22 Mar, 2022
They can improve decision making, enhance cohesion between development and operations, ensure customers are always top of mind, and drive proactivity amongst team members. If you’ve recognised a level of reactivity within your team where customer problems are addressed after they’ve been raised instead of spotted before they’re even noticed, I’ll show you how SLOs can improve team proactiveness.
Most people are familiar with SLAs (service level agreements) but might have not heard of SLOs. An SLA is a contract between the service provider and a client, which helps the client set expectations on the quality and availability of the service. It also details the consequences or penalties for the provider if they don’t deliver on the service. An SLO is the objective your system must hit to meet the SLA. It’s made up of one or multiple SLIs (service-level indicators), which are the metrics used to measure the system you built such as availability, uptime, and latency.

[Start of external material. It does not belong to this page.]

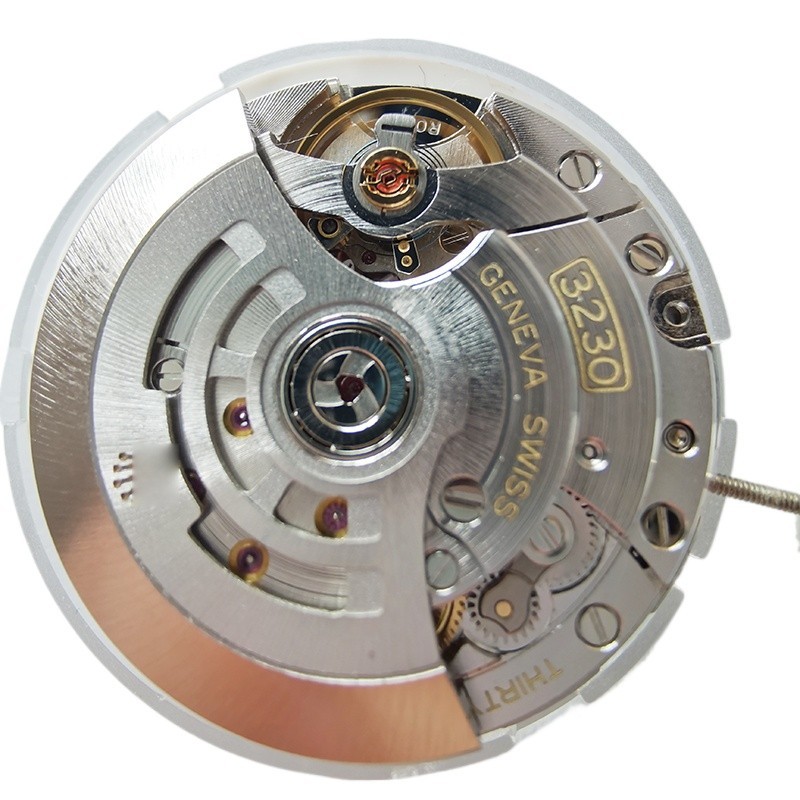 Watch For 3230 Non-Calendar Blue Hairspring Automatic Mechanical Movement VR3230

I’m going to use a real client example to show how we helped an engineering team gain confidence in deploying changes to production and reduce their ‘mean time to detect or discover’ (MTTD) by the use of SLOs. Our client operates in the financial services sector and have recently launched a public-facing application that we helped with. The application is made up of a react front-end and a Kotlin Spring Boot backend running on Kubernetes with a Postgres database. It has few integrations to other internal services within the company as well as 3rd party service providers.
When I first started on the engagement, the engineering team were often unaware of any problems with the app until customers contacted the support team and it, in turn, escalated to us. Sometimes it would take up to a week before we were alerted. This was made worse because not all customers would contact the support team. Some customers would even keep retrying for a few days before notifying us at all. This also made troubleshooting and rollback difficult because we would have deployed multiple changes into production and we could not easily tell which change caused the problem, nor know which version to roll back to. Thankfully the app was still in beta, so any issues detected were minor. We’re determined to have it running as smoothly as possible.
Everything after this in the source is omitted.